Тот самый плакат. Три буквы пришлось затереть, потому что сия организация в России запрещена, да и плакат утверждает, что уже вышла из моды

Эля выглядит студенткой, но провела здесь уже 7 лет, сев в 19. Окончание ее срока приходится на 2025 год. Девушка работает в телецентре колонии, и я спрашиваю, привлекает ли ее, например, профессия блогера, ведь она научилась монтировать видео и держаться перед камерой. Она смущенно кивает.

— Да, молодое поколение занимается этим, но так как я пропустила очень многое… — она сомневается и добавляет. — Но, думаю, еще вольюсь.

Эля работает в медиацентре колонии

Сказка о потерянном времени. Пока не столкнешься лицом к лицу, даже не осознаешь, насколько беспощадна статья 228 УК РФ. Она наказывает за приобретение, хранение, перевозку, изготовление и переработку наркотических веществ. Большинство моих собеседниц получили по 8 лет колонии общего режима, а ввиду тяжести статьи условно-досрочное освобождение положено им не ранее чем через три четверти срока, то есть они проводят здесь по 6 лет, некоторые — больше.

Эля и ее коллега по телецентру Алина не похожи на обитательниц колонии, образ которых рисует воображение. И они не исключение. Смотришь на лица и думаешь: «Блин, как вы могли здесь оказаться?» Но профессия закладчицы в 19 веселых лет не кажется чем-то таким уж преступным, всё же не ограбление банка. А сроки при этом порой сравнимые.

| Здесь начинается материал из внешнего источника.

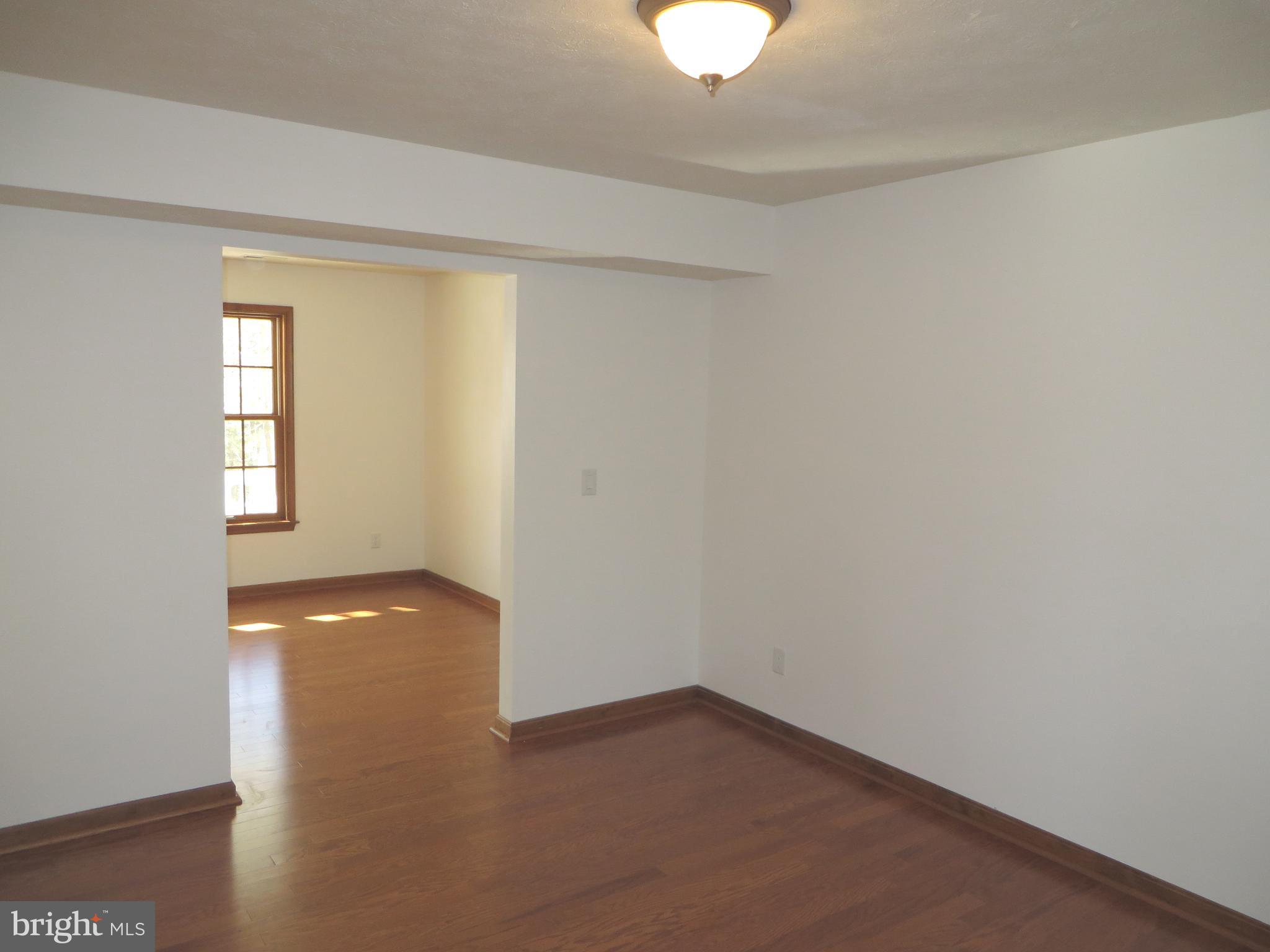 SYCAMORE HOLLOW OF WLDWD - Residential Lease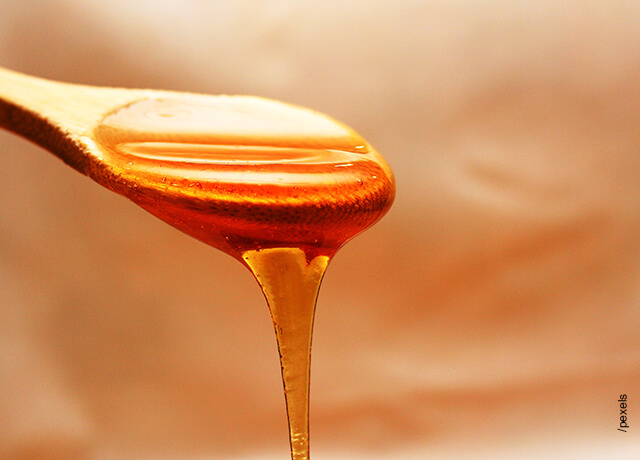 Foto de una cucharada de miel cayendo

Алина, коллега Эли. Глядя на многие лица, реально задаешься вопросом: «Ну как же так-то?»

Как выглядит колония

Скажу кощунственную вещь, но территория ИК-5 в Металлургическом районе Челябинска напоминает спортивный лагерь или, допустим, войсковую часть. В центре — плац, рядом стойка с надписью: «Инфо-5», на стене — огромный баннер. На баннере счастливая семья: мама, папа, двое детей, все чистенькие и светлые, как с рекламы ипотеки. Под плакатом толпятся женщины в одинаковых робах, ватных штанах, в теплых платках поверх голов. Они ждут, когда откроют ворота. Но ощущения «тюряги» здесь нет, есть чувство выхолощенности, отрезанности от мира: ни интернета, ни привычных увеселений, ни банальной (и родной) грязи. Всё вычищено и вышкурено. И здесь не так-то просто представить, какая жизнь течет за забором и какой там сейчас век.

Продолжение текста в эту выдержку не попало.